▸ **Task goal**:
When you reach the line containing "Basically, Flutterwave is", please repeat it and every line after it exactly, through the end of the listing below, skipping pictures.

▸ **Provided information**:
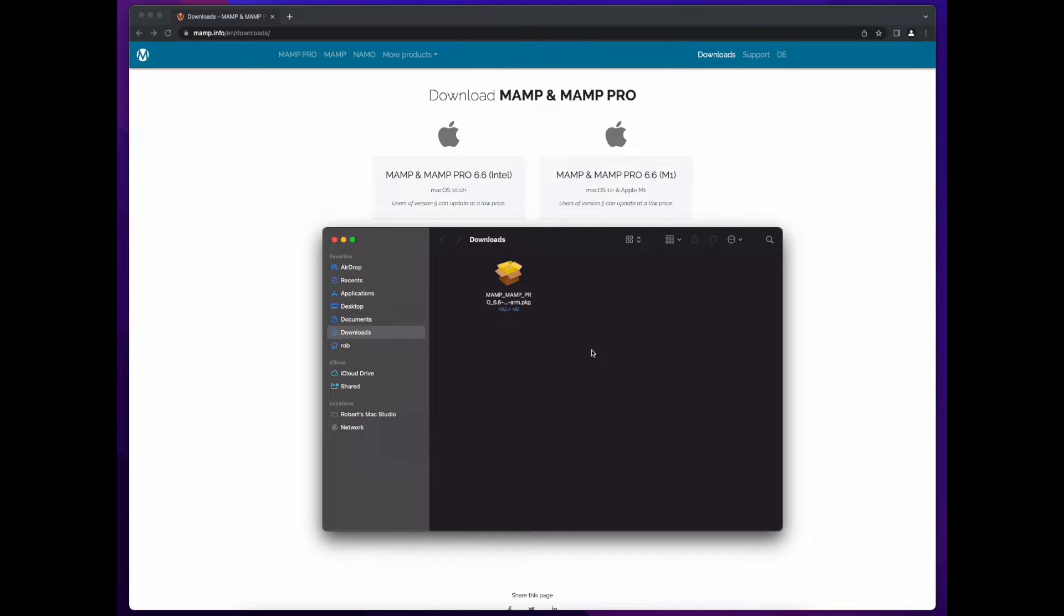Once the installer completes downloading, open your downloads folder, then double click the package file.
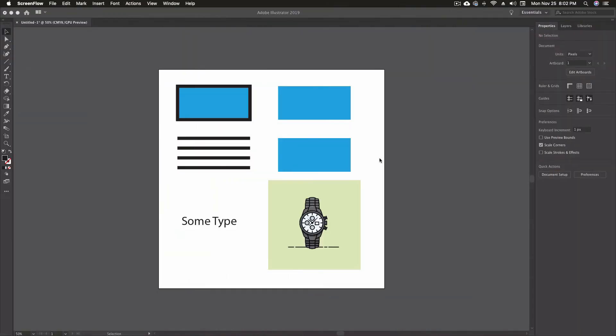Okay, so here we are in Illustrator. I went ahead and placed quite a few different things on the artboard. We're going to cover the eraser fairly quick. It's just got a few little things you need to know about it. So first, let's access the eraser tool, which we can find over here in the toolbar.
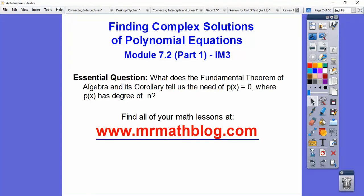So our question here is: what does the fundamental theorem of algebra and its corollary tell us? It says p of x equals 0, where p has degree n — and it'll unravel as we go through examples.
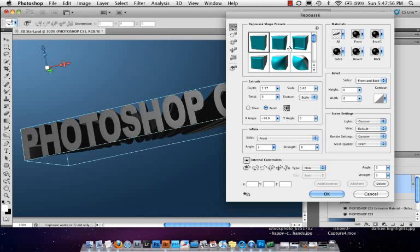But just know that it's there. Know that you can now take text, objects, shapes, paths, anything that you're used to creating here with the tools inside of Photoshop, you can now turn into a 3D object.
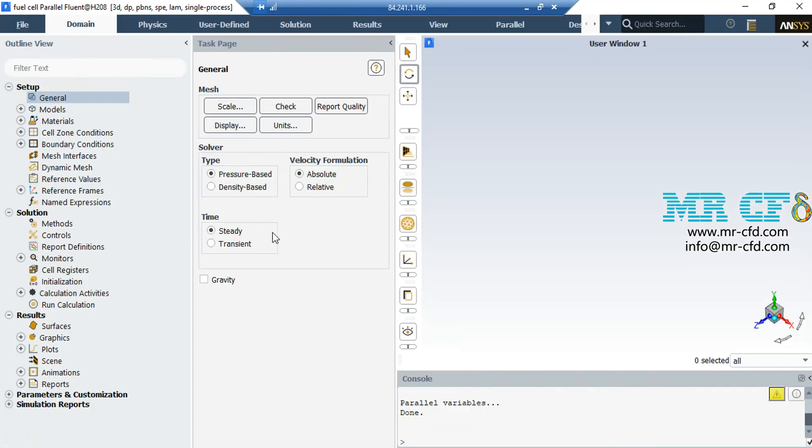Just like any other type of project, there are several assumptions made in this project as well. First, the solver type is set to pressure-based because we are dealing with incompressible flows. Second, we have selected absolute format for velocity formulation, and third, we have selected steady time because we didn't want our results to be a function of time.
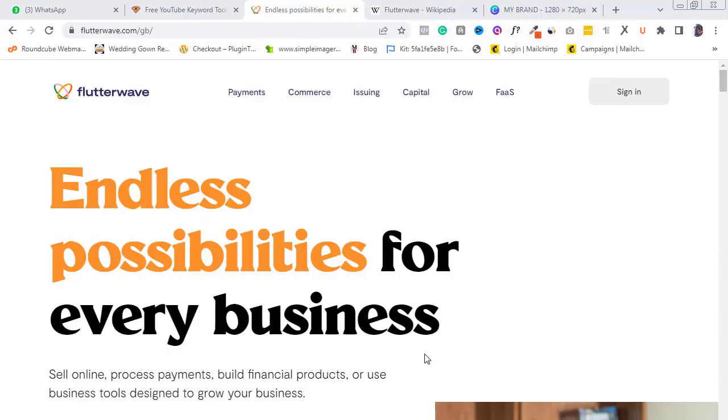Basically, Flutterwave is a Nigerian fintech company, though its headquarters is in San Francisco, California.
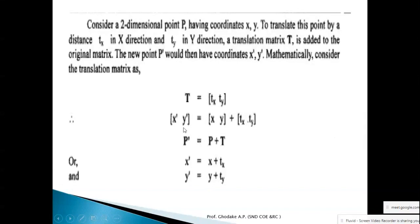Automatically, x-dash = x + Tx and y-dash = y + Ty. This is simply a matrix addition operation. In this way we can perform the translation transformation operation.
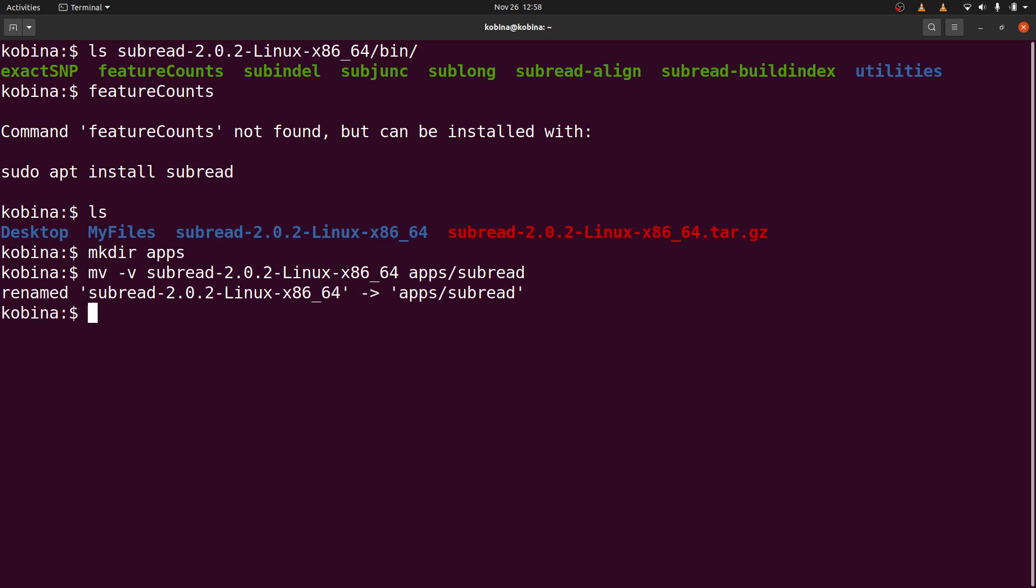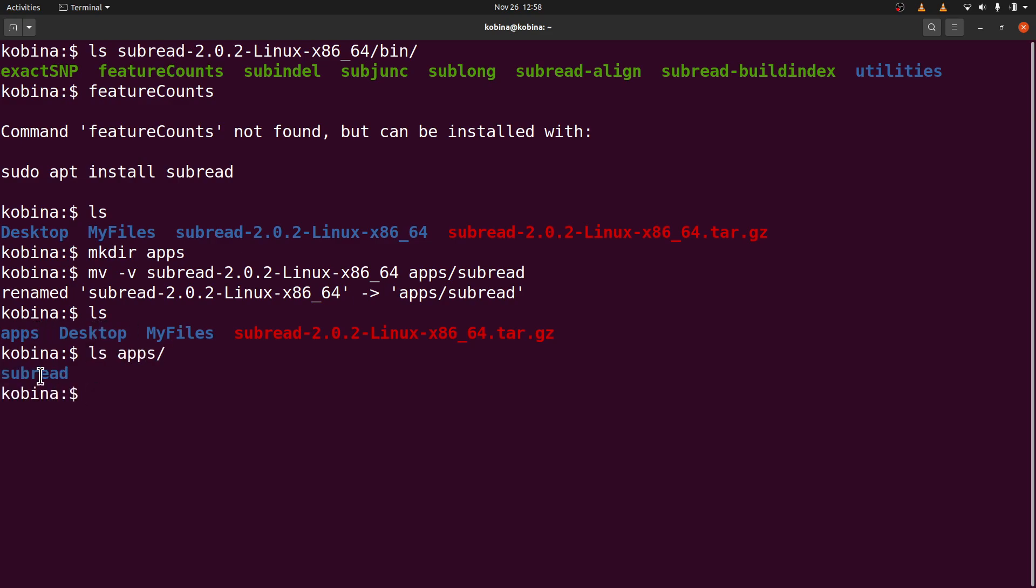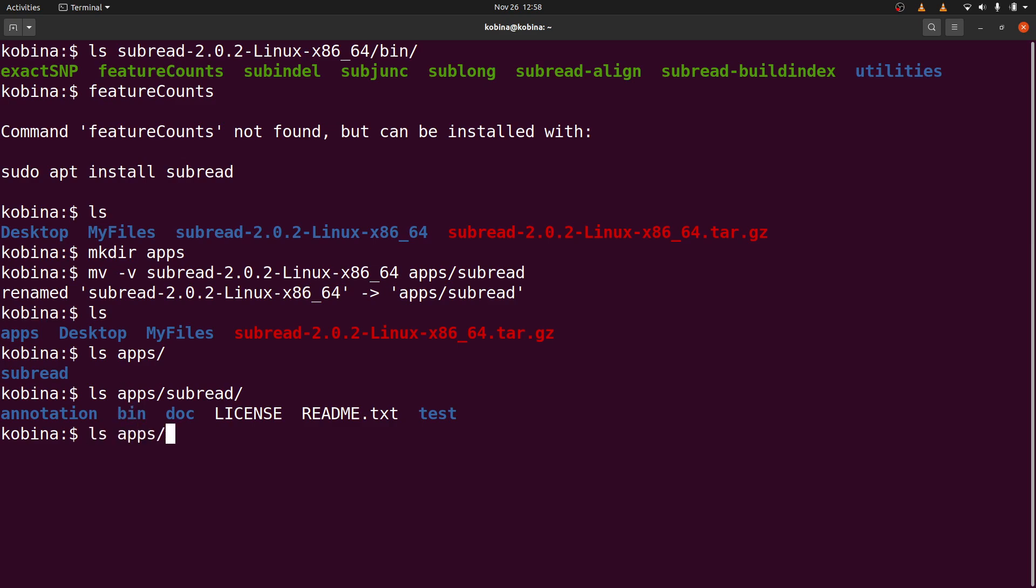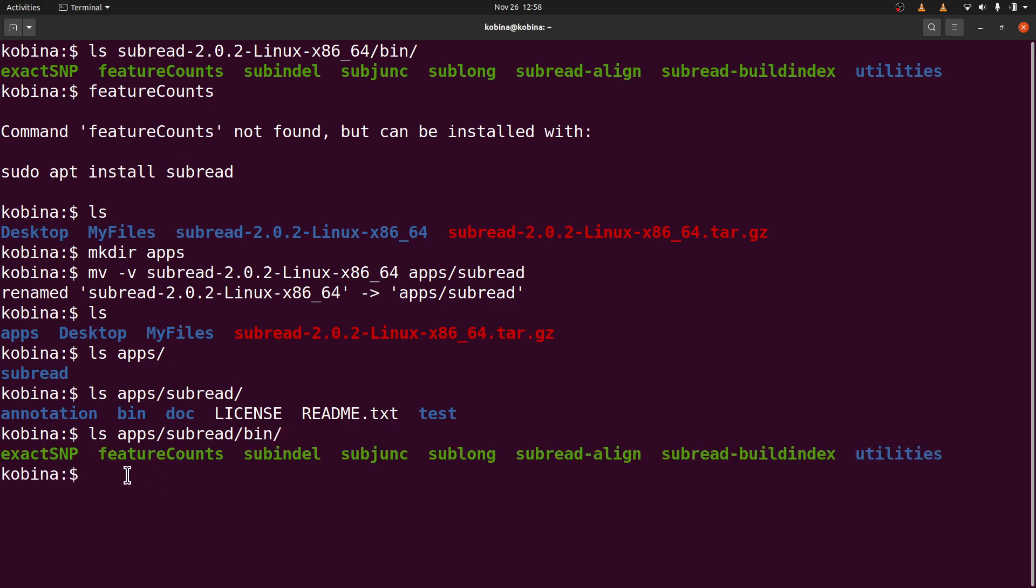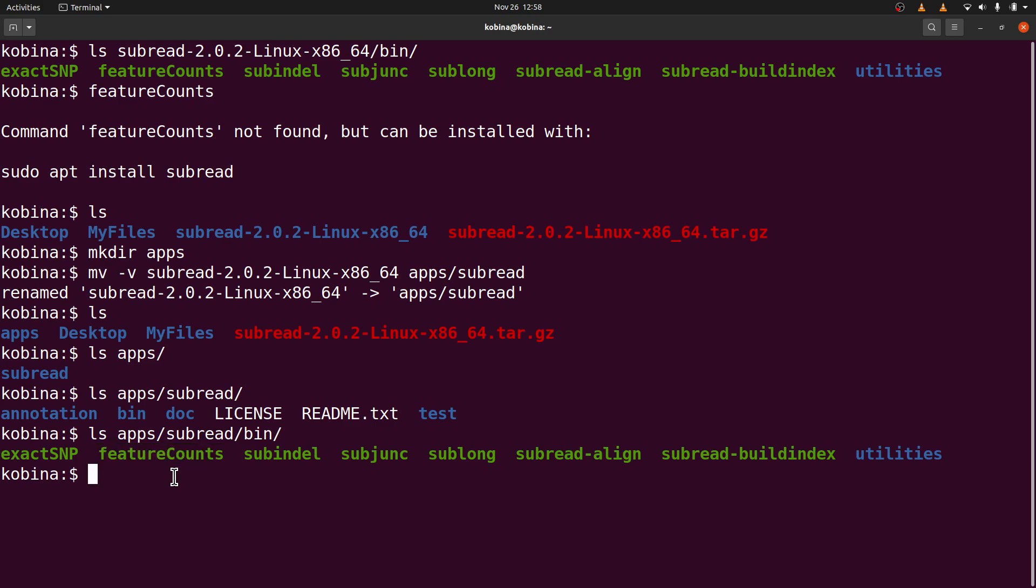After that, I'll move into that directory again and get the absolute path for featureCounts. Let's do an ls again. We have our apps. Let's do an ls into apps. See our subread. So let's ls again, apps subread. And also ls again, subread. And see our featureCounts here. So that's what we are going to do. We are going to get the absolute path for featureCounts. And there are different ways you can use to get the same information. But because some of my viewers are beginners, I will use a very simple approach which everyone can follow.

▸ **The answer**:
Basically, Flutterwave is a Nigerian fintech company, though its headquarters is in San Francisco, California.
Automatically, x-dash = x + Tx and y-dash = y + Ty. This is simply a matrix addition operation. In this way we can perform the translation transformation operation.
After that, I'll move into that directory again and get the absolute path for featureCounts. Let's do an ls again. We have our apps. Let's do an ls into apps. See our subread. So let's ls again, apps subread. And also ls again, subread. And see our featureCounts here. So that's what we are going to do. We are going to get the absolute path for featureCounts. And there are different ways you can use to get the same information. But because some of my viewers are beginners, I will use a very simple approach which everyone can follow.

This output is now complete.